せーじ

ヱヴァンゲリヲン新劇場版:破のせーじのレビュー・感想・評価

4.6
278本目。年末年始エヴァ祭り二作目、ということで鑑賞。




…シンジさん!!!!!となりましたねぇ。

これは当時、リアルタイムで劇場に行かれた人は、大変な気持ちになったのではないでしょうか。「序」でエヴァという物語を新たにセットアップした後に、何をしたのかと言うと、えげつない「破壊」だったなんて。
それも、それまでの前提をひっくり返すという単純なことではなく、旧劇場版やアニメシリーズでやってきたことを「破壊」していたのですよね。
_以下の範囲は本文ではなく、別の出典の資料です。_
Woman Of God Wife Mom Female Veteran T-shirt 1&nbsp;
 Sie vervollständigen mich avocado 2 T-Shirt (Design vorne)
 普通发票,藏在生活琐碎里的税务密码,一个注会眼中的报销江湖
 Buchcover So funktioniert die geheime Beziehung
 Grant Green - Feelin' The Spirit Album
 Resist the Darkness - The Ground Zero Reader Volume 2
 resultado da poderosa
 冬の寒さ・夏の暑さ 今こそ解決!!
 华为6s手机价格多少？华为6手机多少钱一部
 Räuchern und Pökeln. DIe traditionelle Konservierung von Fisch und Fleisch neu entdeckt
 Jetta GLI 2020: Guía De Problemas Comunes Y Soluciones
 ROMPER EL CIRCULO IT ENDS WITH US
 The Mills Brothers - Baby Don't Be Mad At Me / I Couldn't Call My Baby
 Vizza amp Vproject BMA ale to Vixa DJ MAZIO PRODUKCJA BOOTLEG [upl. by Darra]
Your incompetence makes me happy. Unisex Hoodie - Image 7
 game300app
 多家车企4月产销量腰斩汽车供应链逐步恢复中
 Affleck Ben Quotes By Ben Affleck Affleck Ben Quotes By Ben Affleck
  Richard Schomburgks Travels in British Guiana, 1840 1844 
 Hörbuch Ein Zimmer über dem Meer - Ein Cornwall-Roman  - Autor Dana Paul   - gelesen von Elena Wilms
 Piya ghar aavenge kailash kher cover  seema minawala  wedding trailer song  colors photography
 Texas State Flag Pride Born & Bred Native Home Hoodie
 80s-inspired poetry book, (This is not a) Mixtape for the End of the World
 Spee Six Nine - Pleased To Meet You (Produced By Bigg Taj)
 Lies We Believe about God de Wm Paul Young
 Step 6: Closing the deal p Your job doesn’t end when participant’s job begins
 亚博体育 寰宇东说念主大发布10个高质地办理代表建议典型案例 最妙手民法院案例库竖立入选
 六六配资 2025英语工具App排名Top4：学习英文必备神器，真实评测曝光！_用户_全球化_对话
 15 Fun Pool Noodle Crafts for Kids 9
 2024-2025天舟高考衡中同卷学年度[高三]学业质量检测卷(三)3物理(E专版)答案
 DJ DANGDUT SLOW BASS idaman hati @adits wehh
序盤の「かっくいいバトル」が終わると、ぱっと見、エヴァにしてはものすごく明るくて平穏な展開が続いていて、なんなら"父子"の不和を"母"が取り持とうとする展開になっちゃったりもしていて、いいじゃんいいじゃん!って思う人も居たと思うし、クライマックスからのラストの展開には落涙した人も多いのだと思いますが…自分はこれ、観ていてドン引きしてしまいました。バッドエンドですよねこれは。
どうしてそう思うのかというと、本作全体に漂う「明るさ」は、自分には取って付けたような「ハリボテ」感が漂うものに見えたからなのです。登場人物の言動と言うか造形が、これまで見聞きしてきたそれとは少し、けれども確実にズレて見えたから、なのですよね。「こんなことを言ったりやったりする人たちだったっけ…?」みたいな。例えば旧劇場版やアニメシリーズを観てきた人にとっては「心地いいけれど明らかに異質なもの」であると感じられた人も居たのではないでしょうか。ただ、念のために書きますが、だからと言って「拙くて良くない」というつもりはありません。そうではなくこれは、作り手が様々なしがらみのなかで「自分が作ってきたものに刃を向けざるを得なかった」と言うことなのだと思います。平たく言うと作り手は「しがらみのなかでオトナになろうとしていた」のでしょう。でも…と言う話なのだと思うのです。
最終的にシンジ君が引っ張り上げた存在がどういうものだったのか、そしてそれをしたことによって、何が引き起こされようとしていたのかを考えていけばいくほど、しんどい気持ちになってしまいます。
そりゃあ庵野監督も病むよなぁと思えてしまうほどに。

※※

このコンテンツを「庵野秀明の私小説」だと捉える人は結構多いのではないかなと思いますが…だとしたらえげつなさ過ぎると思います。
創作者として、一人のオタク男性としての苦悩と叫びと孤独がぎっちりと詰まっている作品なのだと思いますね。パンツを脱ぐどころの話では無いです。そして、この先どう話が展開していくのかがちょっと怖いです。